20 schools from 13 systems took part in a solar go-kart race at the last great Colosseum.

News 5's Jessica Griffith shows us how students worked also to construct the go-karts.

This is a project students from local high schools have been working on all school year. The students are putting their solar go-karts to the test at the worlds fastest half mile

Bristol Motor Speedway is known for NASCAR racing and unique football rivalries.

But on Monday, there was something different racing around the track... solar powered go-karts. "The solar panels charge those batteries as we're moving," Hampton High School teachers Bruce Wiltshire and Daniel Arnett said. The schools received a $99,000 grant for the project from the Tennessee Department of Education. The students have been working since last fall to convert a gasoline powered go-kart... to solar power.

"Many hours spent , snow days, after school hours, weekends. we spent many hours working on this," they said. Working on stem program skills, including a lot of engineering skills and teamwork.

"Before this, I couldn't tell you how to bleed brakes, change tires or anything like that. I can build this take, take it apart and rebuild it from the ground," South Greene student Leben Goosman said.

"Getting closer to friends. We're bonding with each other with building something, using our hands," Science Hill student Troy Todd said. The idea for the project was presented to Washington County, Tennessee Assistant School Superintendent Bill Flanary.

He knew it would be a once in a lifetime experience for students.

"We could've taken this to a lot of places, parking lots or somewhere. But the opportunity for these students to operate vehicles that they built in the last great Colosseum, what could be better?," Flanary said. For BMS, the partnership was a natural.
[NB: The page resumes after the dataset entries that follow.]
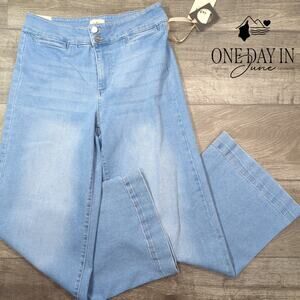 Odyn High Rise Wide Leg Jeans Size 4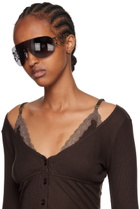 VAILLANT Silver & Gray TD Kent Edition Piscine Sunglasses
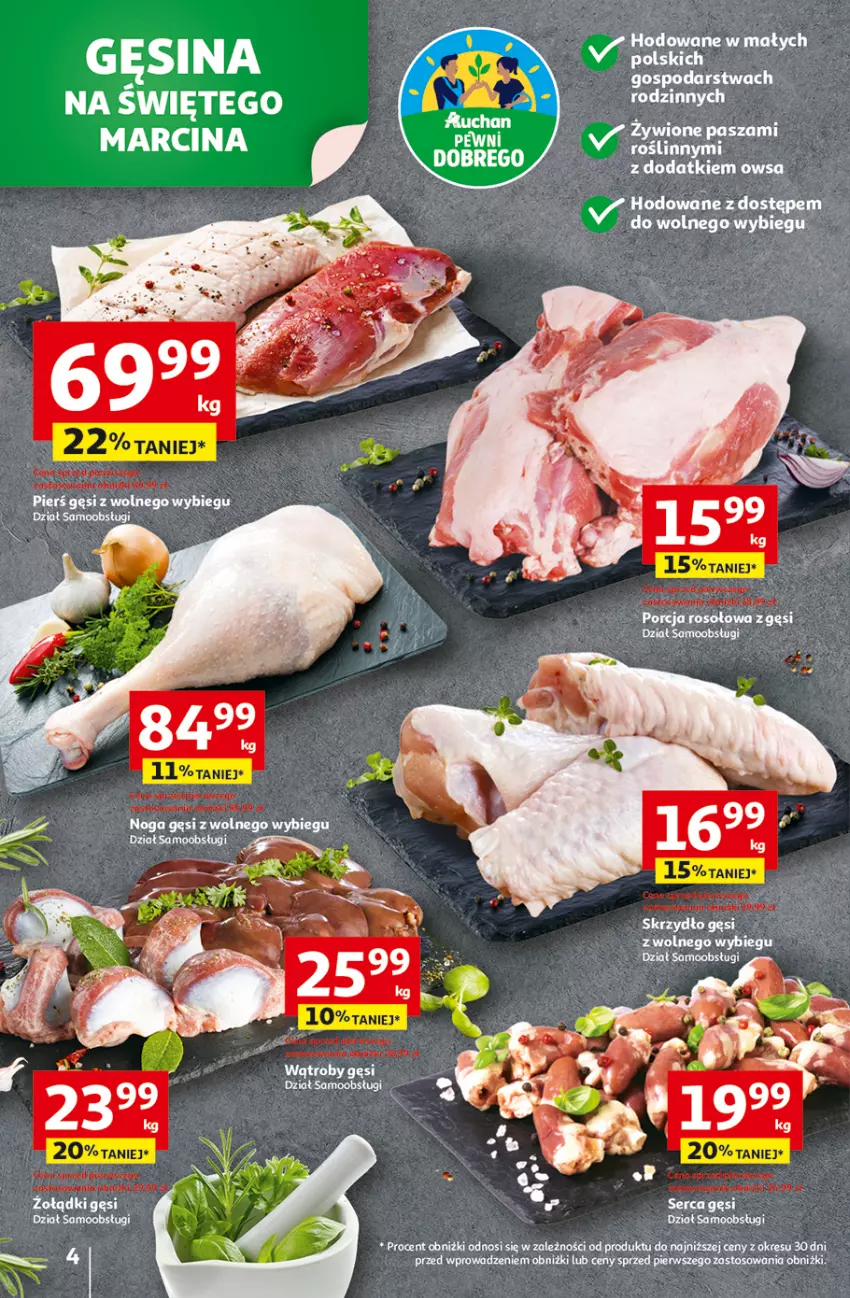 Gazetka promocyjna Auchan - Pewność niskich cen Hipermarket - ważna 06.11 do 12.11.2025 - strona 4 - produkty: Fa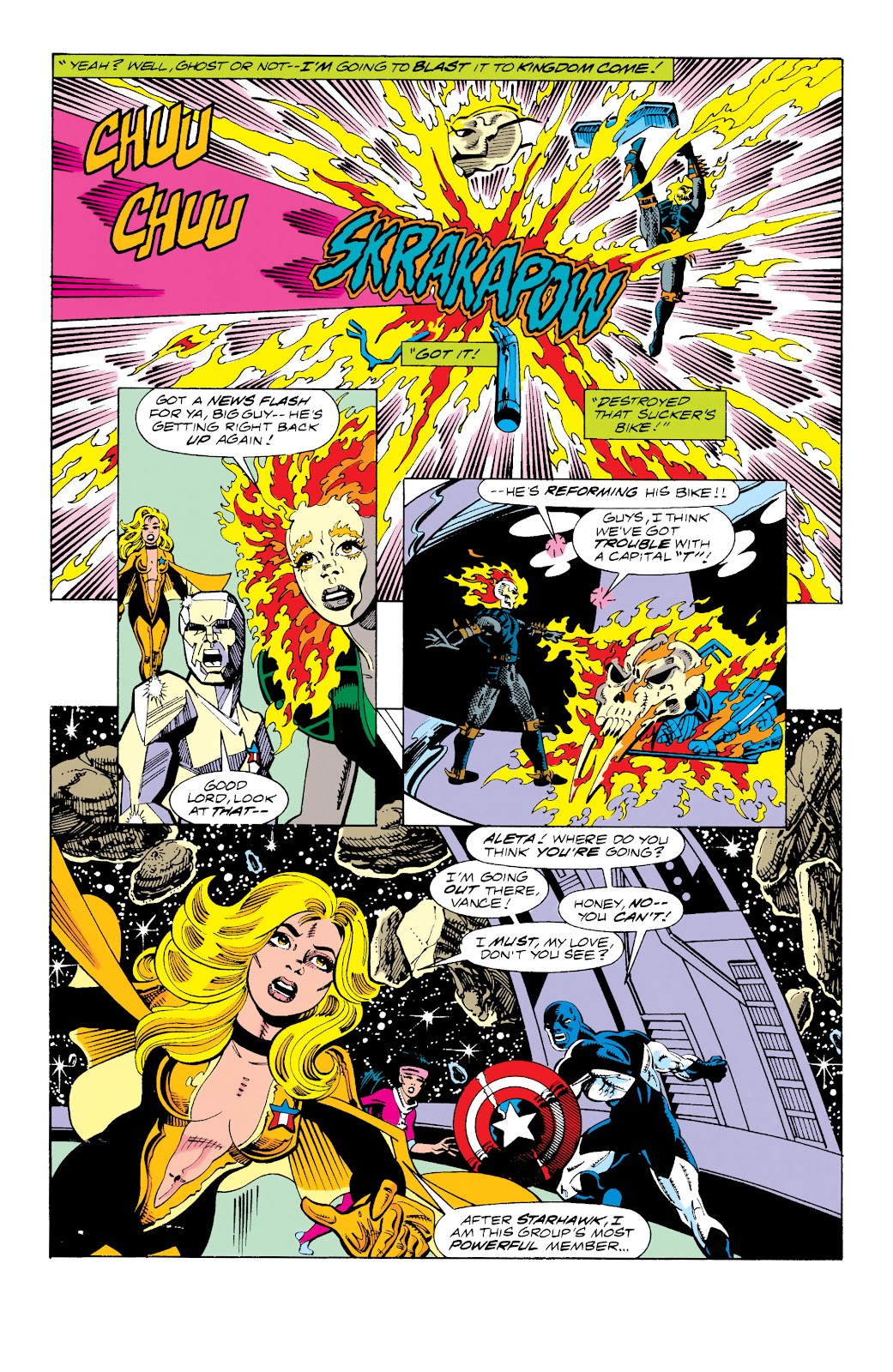 Guardians of the Galaxy (1990) issue TPB Guardians of the Galaxy by Jim Valentino 2 (Part 2) - Page 23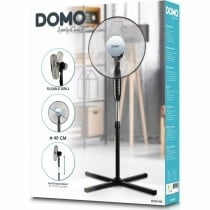 Freestanding Fan DOMO Do8140 Black 40 W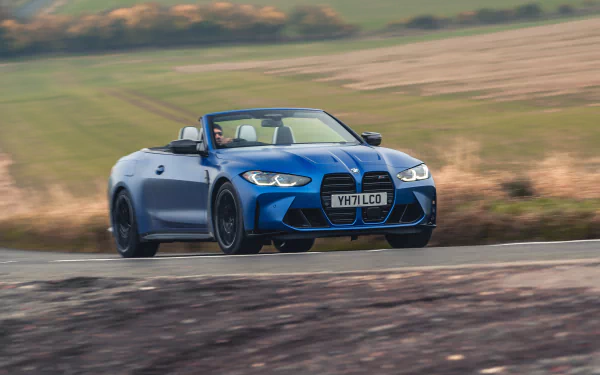 cabriolet BMW M4 Competition M xDrive Cabrio vehicle BMW M4 Competition HD Desktop Wallpaper | Background Image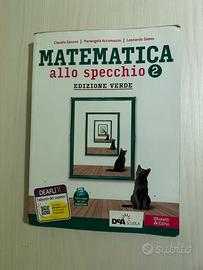 Matematica allo specchio 2 - Verde 9788853806321A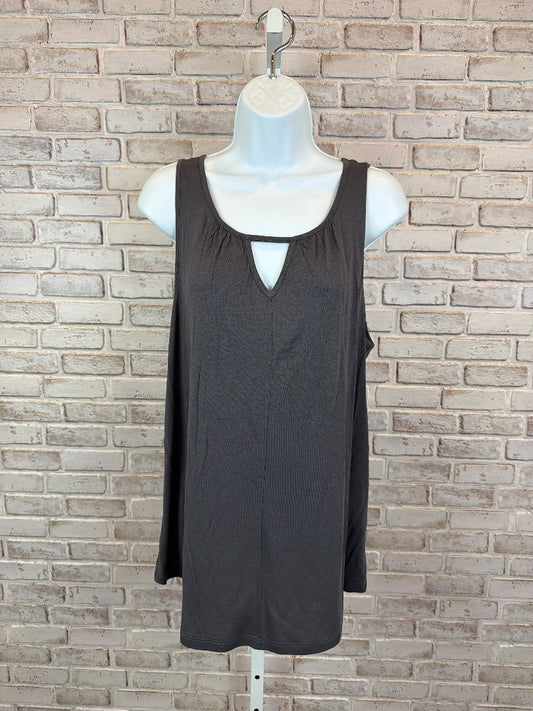 Lascana Tank, Grey, 12, Used - Good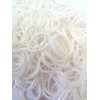 Loom Bands Refill Pack, Select Colors, White, 600 Pieces, 12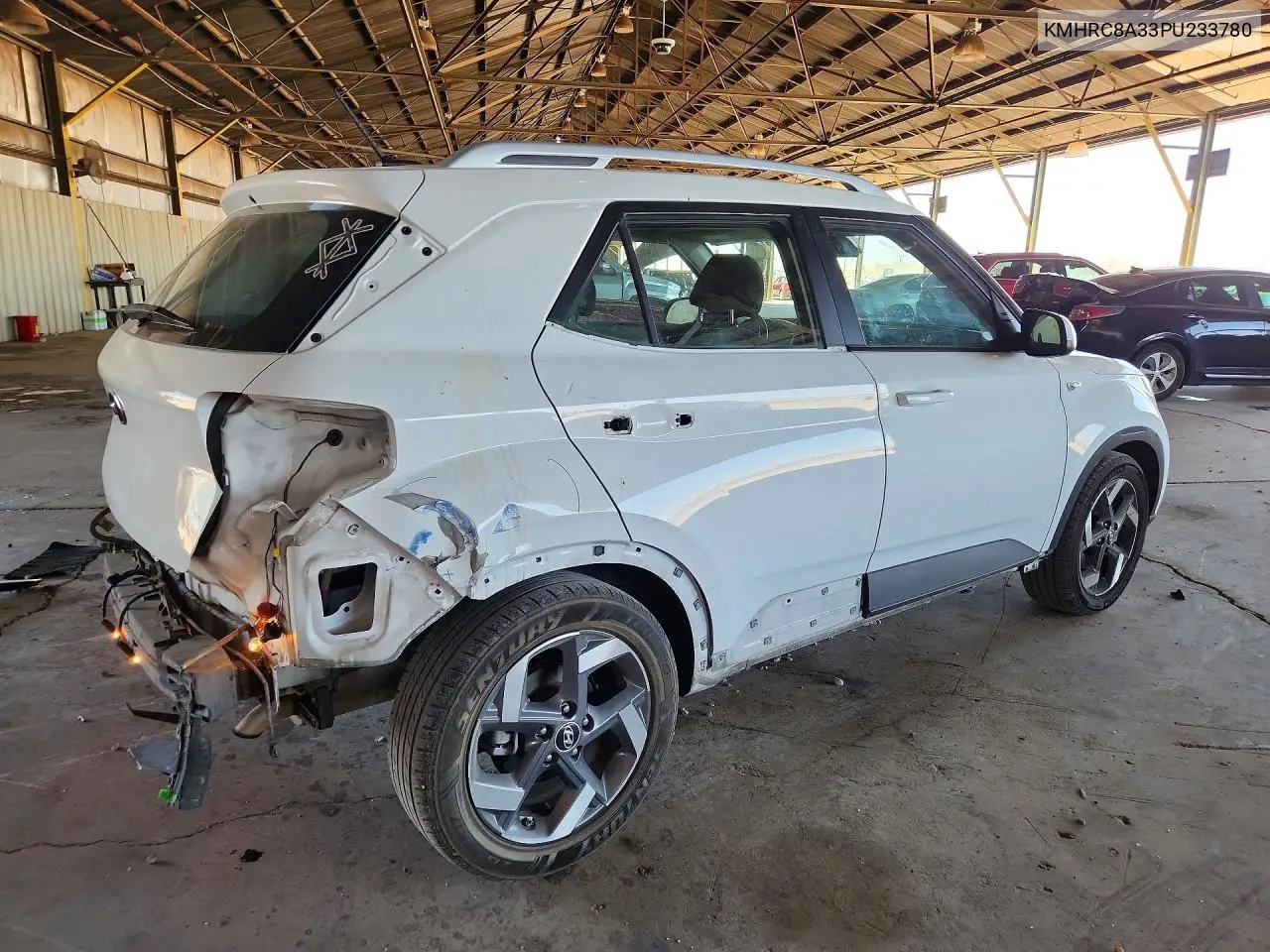 2023 Hyundai Venue Sel VIN: KMHRC8A33PU233780 Lot: 59709696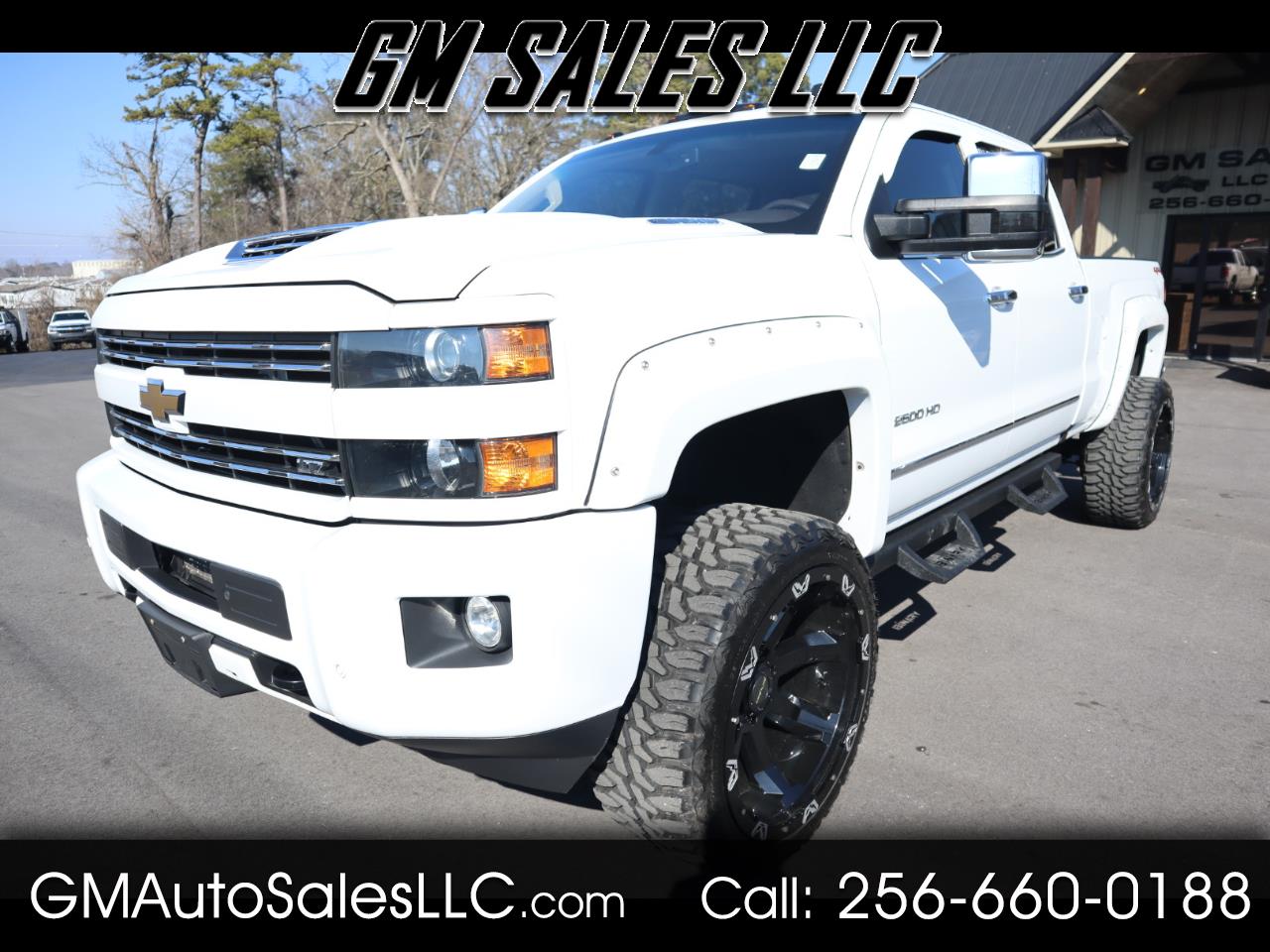 2017 Chevrolet Silverado 2500HD 4WD Crew Cab 153.7" LTZ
"we have always had a long history of doing things in the community and being a partner with the schools especially," Julie Bennett said. "It's definitely going to be an experience. One in a lifetime," Science Hill student Jonathan Hopland said. Washington county school officials say there is a grant proposal to help fund the schools to do this again next year.

According to track officials, Clinch School from Hawkins County won overall. Hampton High came in second. Greeneville Center for technology came in third.

In the speed race, Clinch School came in first, Hampton High in second, and Johnson County High in third.

For the endurance race, Elizabethton High came in first, Johnson County High came in second and Greeneville Center for Technology came in third.